Monday, Apr. 20, 1959
Campaign Opener
The candidate knew it. Local politicos knew it. The retinue of reporters knew it. Without formal declaration, Massachusetts Senator John Fitzgerald Kennedy launched his all-out campaign for the 1960 Democratic presidential nomination, as he crossed Wisconsin in a three-Cessna airplane expedition, getting lined up for the critical Wisconsin primary next April.
Wherever Kennedy went last week, he drew enthusiastic crowds. Nearly 1,000 turned out for a Milwaukee dinner; 400 showed up in Sheboygan; one man drove 100 miles to hear Kennedy speak in Madison. The tousle-headed Senator punched hard and earnestly. He pushed his Kennedy-Ervin labor bill ("We will find out in the Senate who is anti-racketeering and who is merely anti-labor--who wants a law this year and who wants a campaign issue for next year"). He proposed a Kennedy refinement of the Brannan farm plan. He hammered the Administration for "no new ideas, no bold action, no blare of bugles." Kennedy impressed crowds and seemingly, most of the state's Democratic leaders--apart from Wisconsin's Governor Gaylord Nelson, who leans toward Stevenson or Humphrey. Said State Chairman Pat Lucey, who trailed at Kennedy's heels through the three-day tour: "He'd win the primary if it were held tomorrow."

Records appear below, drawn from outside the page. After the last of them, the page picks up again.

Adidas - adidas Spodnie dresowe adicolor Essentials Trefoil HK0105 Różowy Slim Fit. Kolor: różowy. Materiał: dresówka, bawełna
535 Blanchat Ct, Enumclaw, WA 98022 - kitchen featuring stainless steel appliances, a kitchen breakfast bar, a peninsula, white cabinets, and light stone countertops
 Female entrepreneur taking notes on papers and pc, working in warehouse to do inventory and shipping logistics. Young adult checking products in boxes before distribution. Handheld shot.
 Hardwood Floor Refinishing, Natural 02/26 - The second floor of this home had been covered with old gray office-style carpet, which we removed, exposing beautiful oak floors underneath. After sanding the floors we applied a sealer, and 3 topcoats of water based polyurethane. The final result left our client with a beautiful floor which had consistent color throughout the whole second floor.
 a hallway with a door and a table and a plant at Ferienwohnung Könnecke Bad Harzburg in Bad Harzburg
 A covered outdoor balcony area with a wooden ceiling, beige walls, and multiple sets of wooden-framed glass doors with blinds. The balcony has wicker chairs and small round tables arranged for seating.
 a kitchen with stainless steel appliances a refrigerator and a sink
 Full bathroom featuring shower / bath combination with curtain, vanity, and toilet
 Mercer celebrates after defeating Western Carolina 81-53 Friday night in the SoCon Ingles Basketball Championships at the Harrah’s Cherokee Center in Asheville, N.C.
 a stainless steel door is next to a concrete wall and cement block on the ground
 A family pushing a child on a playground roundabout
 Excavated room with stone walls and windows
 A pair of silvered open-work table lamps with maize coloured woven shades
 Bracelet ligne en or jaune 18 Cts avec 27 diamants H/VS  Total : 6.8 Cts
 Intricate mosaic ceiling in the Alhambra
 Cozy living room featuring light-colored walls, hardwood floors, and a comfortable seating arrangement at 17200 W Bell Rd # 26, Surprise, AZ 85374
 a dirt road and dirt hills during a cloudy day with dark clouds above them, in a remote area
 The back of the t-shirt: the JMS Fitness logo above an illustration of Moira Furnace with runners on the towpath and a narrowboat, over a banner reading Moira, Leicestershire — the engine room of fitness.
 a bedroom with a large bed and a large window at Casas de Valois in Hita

But Wisconsin's primary is a year away, and Kennedy strategists are not certain their man will have to be in it. Kennedy-financed Wisconsin polls show Kennedy far ahead of Minnesota's Hubert Humphrey. If Humphrey picks up support before spring, Kennedy will take him on, hoping to knock him out of the running in his own backyard. If Humphrey does not get off the ground Kennedy will force no showdown in Wisconsin.
The man he sees as his most potent rival for the nomination is Missouri's low-flying Stuart Symington (see below), who will probably fight shy of primaries and hope for a convention compromise. To whip a weakening Humphrey, say Kennedy strategists, would only help Symington by removing Humphrey as a potential smoke-filled-room rival.
Kennedy is determined to campaign as the man "going to the country for a decision," thus be able to march on the Los Angeles convention as the people's choice. To do it, he is willing to run in the primaries that would do him the most good: Oregon, South Dakota, Nebraska, Wisconsin, Indiana, Ohio, Illinois, Pennsylvania and New Hampshire. Due soon in Wisconsin to give the first big test to Kennedy findings and theories: Minnesota's Hubert Humphrey.